Find all the lines in the material below with the word "Black", and copy them.
[[ Records to process open ]]
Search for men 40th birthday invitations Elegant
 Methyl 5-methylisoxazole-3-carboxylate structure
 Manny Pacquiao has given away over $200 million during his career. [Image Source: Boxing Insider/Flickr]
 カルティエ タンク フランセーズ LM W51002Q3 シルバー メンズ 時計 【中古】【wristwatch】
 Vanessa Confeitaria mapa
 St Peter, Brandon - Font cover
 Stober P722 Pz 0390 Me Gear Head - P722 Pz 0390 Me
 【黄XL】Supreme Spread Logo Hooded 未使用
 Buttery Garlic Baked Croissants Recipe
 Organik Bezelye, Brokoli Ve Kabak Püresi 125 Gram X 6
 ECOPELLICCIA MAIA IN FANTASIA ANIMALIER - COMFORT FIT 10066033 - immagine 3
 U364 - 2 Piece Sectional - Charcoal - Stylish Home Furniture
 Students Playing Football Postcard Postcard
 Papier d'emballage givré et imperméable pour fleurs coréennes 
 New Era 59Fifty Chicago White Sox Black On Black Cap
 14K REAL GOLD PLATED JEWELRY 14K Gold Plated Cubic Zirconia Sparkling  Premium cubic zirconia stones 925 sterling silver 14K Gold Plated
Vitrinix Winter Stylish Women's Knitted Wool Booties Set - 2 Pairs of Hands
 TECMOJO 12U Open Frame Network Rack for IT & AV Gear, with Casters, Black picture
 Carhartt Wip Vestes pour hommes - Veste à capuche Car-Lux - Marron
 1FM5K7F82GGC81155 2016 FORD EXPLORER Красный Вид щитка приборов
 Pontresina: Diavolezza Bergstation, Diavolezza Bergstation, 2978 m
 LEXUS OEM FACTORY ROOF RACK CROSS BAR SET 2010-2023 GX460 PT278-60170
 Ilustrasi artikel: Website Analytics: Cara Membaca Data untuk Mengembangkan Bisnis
[[ Records to process closed ]]
* Answer for the task:
 New Era 59Fifty Chicago White Sox Black On Black Cap
 TECMOJO 12U Open Frame Network Rack for IT & AV Gear, with Casters, Black picture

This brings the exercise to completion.